# Radial Arm Saw Preventative Maintenance



## bambam4501 (Sep 2, 2011)

Years ago my dad gave me his Black & Decker Deluxe Power Shop Radial Arm Saw. It has sat in my garage for years collecting dust but I recently came across a situation where its capabilities would have made the job a lot easier. I would like to know if there is any recommended maintenance that should be done before I start using this thing. It is old (I remember him using it when I was a small kid) with a Dewalt saw which I believe is normal since B&D bought Dewalt. I am very new to woodworking and am still figuring out what all the levers and knobs do so a dumbed down explaination works best for me! Any advice would be much appreciated!


----------



## woodnthings (Jan 24, 2009)

*yep, lots of knobs and levers*

Assuming you have no manual....I'd look into getting one, possibly an online download. You can also get a book on the RAS; Sears parts direct will sell you a manual on a new saw, all you need is a model number to search...go to a store and write down the model number if they have one one the floor. It won't matter what brand of saw too much they are pretty similar in their operation. The knobs and levers may be different.
The book: [ame="http://www.amazon.com/Radial-Arm-Saw-Techniques-printing/dp/0806962801"]Amazon.com: Radial Arm Saw Techniques [1st Ed, 2nd printing] (9780806962801): Roger W. Cliffe, Michael Cea: Books[/ame]
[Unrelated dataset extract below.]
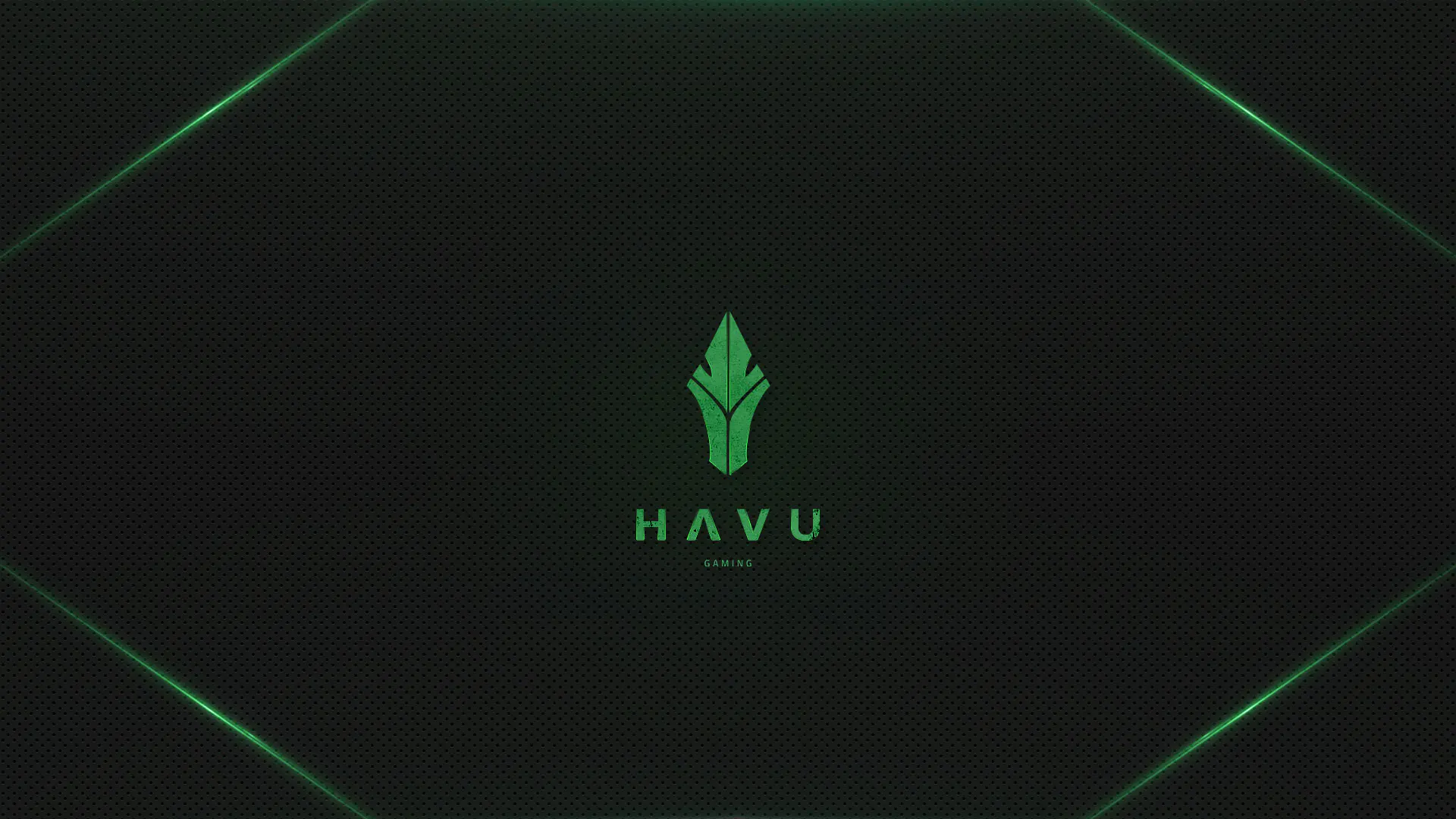 havu gaming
After reading it carefully, it is a dangerous machine if not operated properly.... 
Then, clean every thing off with an air hose or shop vac.
Then with the machine unplugged of course, start to move things up and down and slide the carriage back and forth. a blast of oil PB Blaster will work or 3 in 1 will lightly coat the guide bars.
Just see what the various levers do. There will be locks and releases for tilt/bevels and angles/miters. Check to see if there is a blade guard and if it's working properly. I would not use the saw without a blade guard.
Let's assume the table is leveled, the fence is in place and the height crank works to raise the blade/motor up and down. The blade should be adjusted so it's cutting about 1/8" into the table top.The most common cut is a cross cut made by locating the work against the fence and pulling the motor carriage from behind the fence across the work, then shutting off the motor and allow the blade to stop before doing anything else. A sharp or new blade will make life much easier.
That's about the scope of a reply on this forum without writing an instruction/owner's manual here. I would practice with the machine unplugged until I thoroughly understood the safety rules and operating controls.
 bill


----------



## dodgeboy77 (Mar 18, 2009)

Woodnthings said: " _A sharp or new blade will make life much easier._"

+1 on that. In addition, a new blade with a negative hook angle is a much safer choice for a RAS. Aggressive, positive hook angle blades make the saw blade dig in and tend to take a run at you. Look for one something like this: Amazon.com: Freud LU91R010 10-Inch 60 Tooth ATB Thin Kerf Miter Saw Blade with 5/8-Inch Arbor and PermaShield Coating: Home Improvement

Also, folks on this forum will probably agree that RAS's are used most safely for crosscutting and not much else. Ripping can be hazardous unless you really know what you are doing (like Woodnthings above does :thumbsup: ).

Bill


----------



## troyd1976 (Jul 26, 2011)

actually i have this machine as well, Ray or Roy dewalt actually worked for B&D when he came up with the idea for an RAS, and so thats where he got his motors from. Has nothing to do with one buying out the other. In fact...the B&D motors at that time were some of the best around.


----------



## bambam4501 (Sep 2, 2011)

Thanks for all the advice! I will definitely try to find a manual. It does have a blade guard which is caked with 20 yr old saw dust! I cleaned some of it off but it really needs some TLC to make it look nice. Everything seems to be in good working order besides needing some oil except the degree display is off. When locked perpendicular (I would assum 0 degrees) to the fence it reads 10 degrees. Is there a way to zeroize/adjust that?


----------